*EXERCISE INSTRUCTIONS:* From the data that follows, set down exactly the lines from the one with "With OpenRefine, you" through the one with "I have a demo", counting both. Pictures stay out.

*PROVIDED MATERIAL:*
━━━━━━━━━━━━━━━━

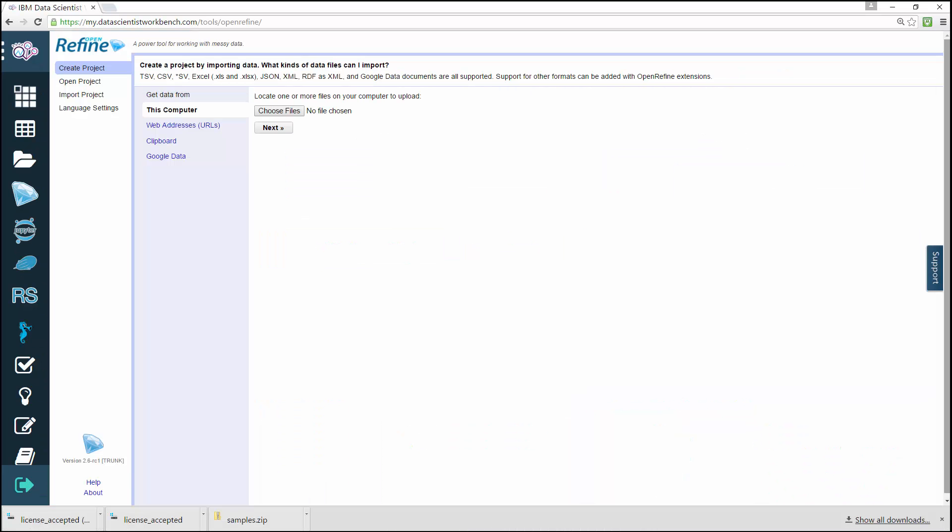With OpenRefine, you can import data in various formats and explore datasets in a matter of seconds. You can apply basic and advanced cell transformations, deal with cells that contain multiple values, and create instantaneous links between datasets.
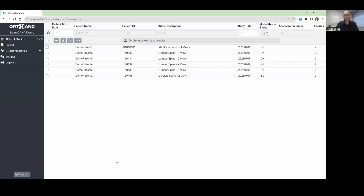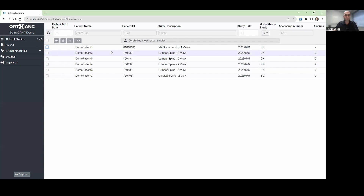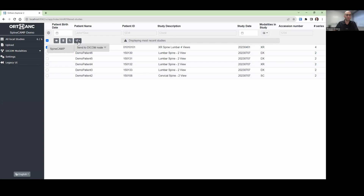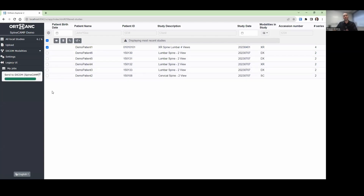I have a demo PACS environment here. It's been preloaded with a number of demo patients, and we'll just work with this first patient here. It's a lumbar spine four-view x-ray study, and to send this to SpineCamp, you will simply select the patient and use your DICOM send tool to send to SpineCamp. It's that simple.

━━━━━━━━━━━━━━━━

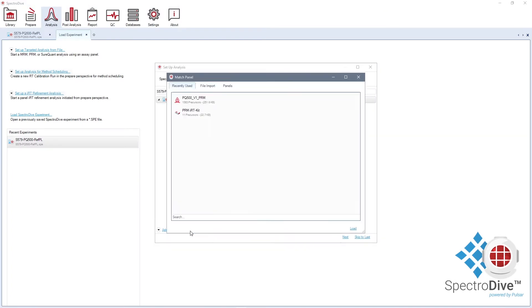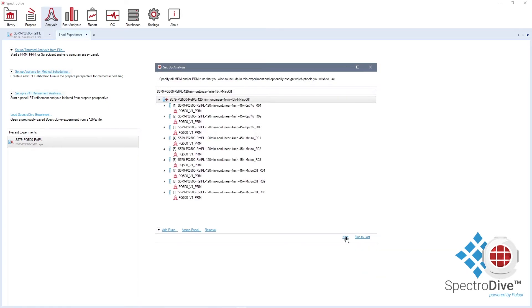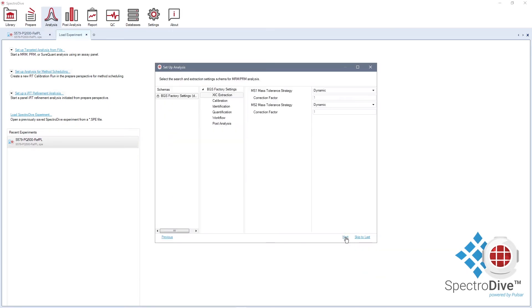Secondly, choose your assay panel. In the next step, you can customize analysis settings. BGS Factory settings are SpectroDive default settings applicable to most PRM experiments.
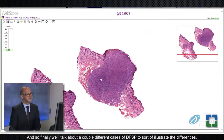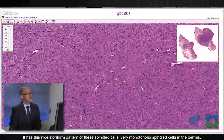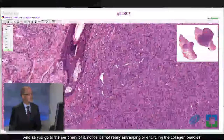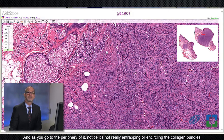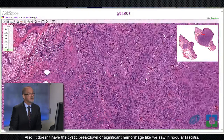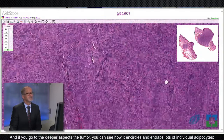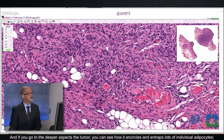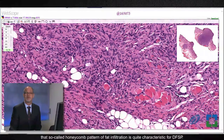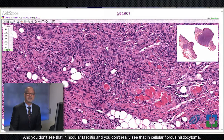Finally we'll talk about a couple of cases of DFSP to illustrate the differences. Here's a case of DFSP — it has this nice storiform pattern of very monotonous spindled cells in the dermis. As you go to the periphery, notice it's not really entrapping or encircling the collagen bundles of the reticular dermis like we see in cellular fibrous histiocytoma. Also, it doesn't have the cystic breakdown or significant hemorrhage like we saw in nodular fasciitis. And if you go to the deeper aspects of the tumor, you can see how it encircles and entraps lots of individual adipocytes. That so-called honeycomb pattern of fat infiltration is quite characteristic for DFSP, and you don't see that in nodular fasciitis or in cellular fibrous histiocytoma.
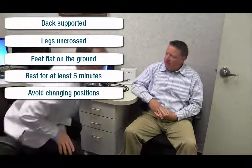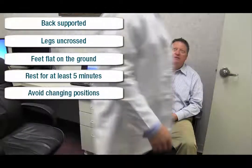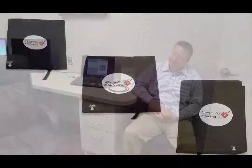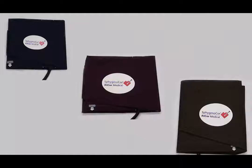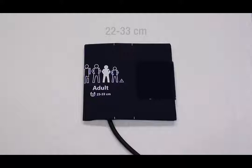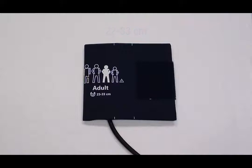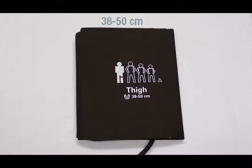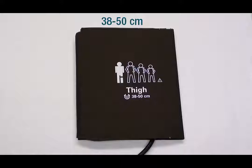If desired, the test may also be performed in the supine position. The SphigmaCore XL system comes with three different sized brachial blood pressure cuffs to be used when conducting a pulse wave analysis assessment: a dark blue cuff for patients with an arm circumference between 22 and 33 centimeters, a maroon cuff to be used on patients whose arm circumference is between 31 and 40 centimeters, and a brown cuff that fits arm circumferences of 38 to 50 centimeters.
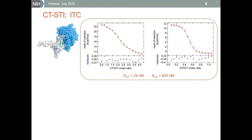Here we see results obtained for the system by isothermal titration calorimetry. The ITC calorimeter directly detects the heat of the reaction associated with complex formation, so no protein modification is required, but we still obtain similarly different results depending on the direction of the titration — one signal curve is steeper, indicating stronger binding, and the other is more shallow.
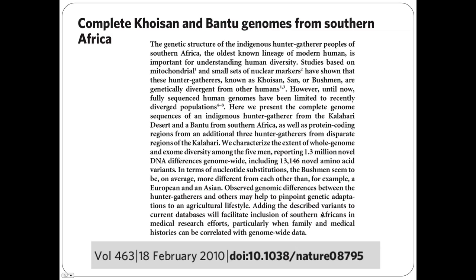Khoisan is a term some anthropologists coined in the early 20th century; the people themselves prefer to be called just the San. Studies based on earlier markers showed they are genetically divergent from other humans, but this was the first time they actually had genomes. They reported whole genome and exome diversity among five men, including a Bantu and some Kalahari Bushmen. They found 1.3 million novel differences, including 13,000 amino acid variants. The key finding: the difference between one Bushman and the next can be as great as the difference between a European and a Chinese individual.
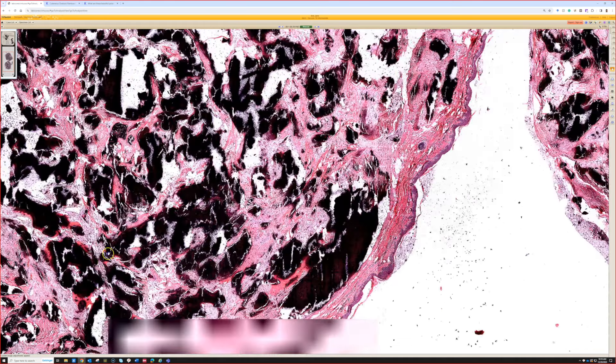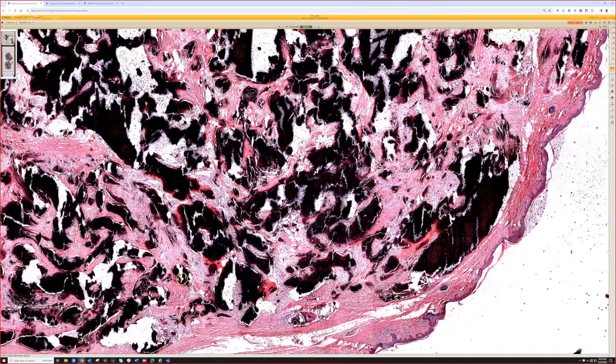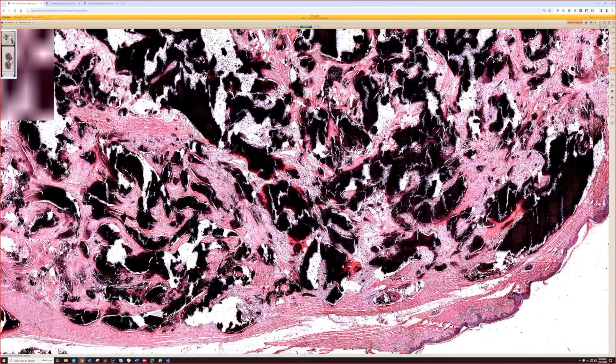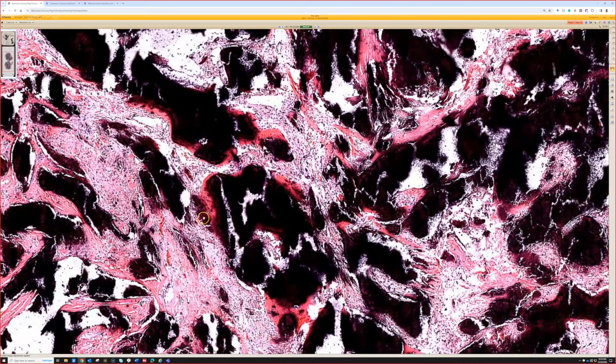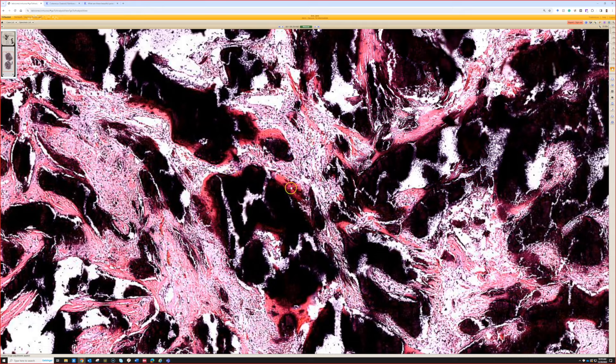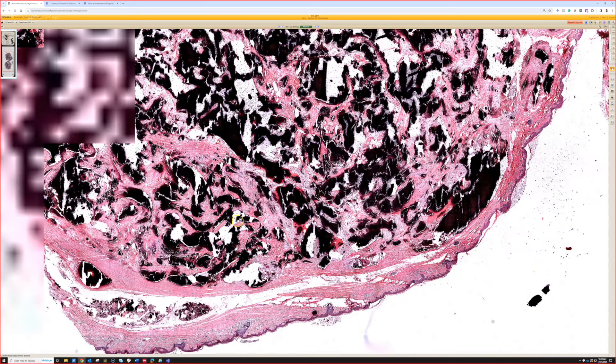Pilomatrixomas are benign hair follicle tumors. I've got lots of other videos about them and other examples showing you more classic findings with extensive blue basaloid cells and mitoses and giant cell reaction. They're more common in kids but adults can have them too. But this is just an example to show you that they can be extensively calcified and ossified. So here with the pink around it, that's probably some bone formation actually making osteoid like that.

━━━━━━━━━━━━━━━━

*WRITTEN RESPONSE:*
With OpenRefine, you can import data in various formats and explore datasets in a matter of seconds. You can apply basic and advanced cell transformations, deal with cells that contain multiple values, and create instantaneous links between datasets.
I have a demo PACS environment here. It's been preloaded with a number of demo patients, and we'll just work with this first patient here. It's a lumbar spine four-view x-ray study, and to send this to SpineCamp, you will simply select the patient and use your DICOM send tool to send to SpineCamp. It's that simple.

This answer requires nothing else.